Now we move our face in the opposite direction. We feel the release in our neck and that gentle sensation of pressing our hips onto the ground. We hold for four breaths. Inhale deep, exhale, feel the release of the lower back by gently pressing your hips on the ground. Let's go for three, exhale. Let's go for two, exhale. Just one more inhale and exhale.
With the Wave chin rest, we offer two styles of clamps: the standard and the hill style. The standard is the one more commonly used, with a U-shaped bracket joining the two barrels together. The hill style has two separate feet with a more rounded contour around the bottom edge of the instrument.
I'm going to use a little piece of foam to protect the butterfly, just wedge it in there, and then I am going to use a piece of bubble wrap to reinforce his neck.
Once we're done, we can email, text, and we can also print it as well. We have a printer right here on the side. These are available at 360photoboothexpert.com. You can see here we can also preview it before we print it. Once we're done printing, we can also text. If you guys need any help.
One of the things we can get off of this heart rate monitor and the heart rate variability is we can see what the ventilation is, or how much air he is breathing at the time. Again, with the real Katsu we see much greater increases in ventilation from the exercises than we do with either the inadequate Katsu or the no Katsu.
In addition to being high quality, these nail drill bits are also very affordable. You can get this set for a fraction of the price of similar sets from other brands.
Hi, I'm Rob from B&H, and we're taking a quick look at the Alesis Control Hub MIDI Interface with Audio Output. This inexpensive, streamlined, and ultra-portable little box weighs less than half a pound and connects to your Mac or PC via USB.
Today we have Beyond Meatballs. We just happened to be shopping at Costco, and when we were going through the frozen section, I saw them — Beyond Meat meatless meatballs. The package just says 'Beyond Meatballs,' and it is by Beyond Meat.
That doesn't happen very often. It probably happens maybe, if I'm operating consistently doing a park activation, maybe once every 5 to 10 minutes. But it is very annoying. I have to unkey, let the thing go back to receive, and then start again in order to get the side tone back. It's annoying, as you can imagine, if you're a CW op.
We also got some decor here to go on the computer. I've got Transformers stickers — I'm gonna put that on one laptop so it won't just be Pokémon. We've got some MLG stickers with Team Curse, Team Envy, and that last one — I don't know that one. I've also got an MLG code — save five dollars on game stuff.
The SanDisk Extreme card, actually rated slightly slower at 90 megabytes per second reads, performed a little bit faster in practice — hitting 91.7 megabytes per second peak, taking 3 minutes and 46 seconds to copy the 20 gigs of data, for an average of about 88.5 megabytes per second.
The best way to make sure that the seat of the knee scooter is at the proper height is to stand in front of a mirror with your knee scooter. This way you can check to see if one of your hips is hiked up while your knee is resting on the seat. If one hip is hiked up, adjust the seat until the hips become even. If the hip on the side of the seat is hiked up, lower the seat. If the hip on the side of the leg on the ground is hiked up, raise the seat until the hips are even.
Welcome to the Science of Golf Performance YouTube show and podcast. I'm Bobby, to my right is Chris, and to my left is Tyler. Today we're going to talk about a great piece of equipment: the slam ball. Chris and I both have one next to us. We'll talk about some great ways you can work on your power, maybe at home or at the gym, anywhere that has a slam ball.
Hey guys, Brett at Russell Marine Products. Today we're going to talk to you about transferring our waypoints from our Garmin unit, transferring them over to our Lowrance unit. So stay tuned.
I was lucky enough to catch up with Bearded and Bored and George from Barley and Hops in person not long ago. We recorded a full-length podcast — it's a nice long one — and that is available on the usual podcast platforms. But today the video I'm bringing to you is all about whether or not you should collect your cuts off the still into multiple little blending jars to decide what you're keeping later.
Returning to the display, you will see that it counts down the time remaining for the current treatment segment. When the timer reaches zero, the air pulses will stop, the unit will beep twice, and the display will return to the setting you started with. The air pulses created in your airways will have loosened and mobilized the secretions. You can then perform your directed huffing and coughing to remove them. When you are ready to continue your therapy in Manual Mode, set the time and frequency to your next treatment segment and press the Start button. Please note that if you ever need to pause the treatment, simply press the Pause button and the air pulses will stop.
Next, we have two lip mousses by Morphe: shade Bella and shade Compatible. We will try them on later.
○ ○ ○
## Problem statement
Give back precisely the lines above that start at the line containing "Hi, I'm Rob" and end at the line containing "The SanDisk Extreme", inclusive. No other lines belong in the output.

## The completed task
Hi, I'm Rob from B&H, and we're taking a quick look at the Alesis Control Hub MIDI Interface with Audio Output. This inexpensive, streamlined, and ultra-portable little box weighs less than half a pound and connects to your Mac or PC via USB.
Today we have Beyond Meatballs. We just happened to be shopping at Costco, and when we were going through the frozen section, I saw them — Beyond Meat meatless meatballs. The package just says 'Beyond Meatballs,' and it is by Beyond Meat.
That doesn't happen very often. It probably happens maybe, if I'm operating consistently doing a park activation, maybe once every 5 to 10 minutes. But it is very annoying. I have to unkey, let the thing go back to receive, and then start again in order to get the side tone back. It's annoying, as you can imagine, if you're a CW op.
We also got some decor here to go on the computer. I've got Transformers stickers — I'm gonna put that on one laptop so it won't just be Pokémon. We've got some MLG stickers with Team Curse, Team Envy, and that last one — I don't know that one. I've also got an MLG code — save five dollars on game stuff.
The SanDisk Extreme card, actually rated slightly slower at 90 megabytes per second reads, performed a little bit faster in practice — hitting 91.7 megabytes per second peak, taking 3 minutes and 46 seconds to copy the 20 gigs of data, for an average of about 88.5 megabytes per second.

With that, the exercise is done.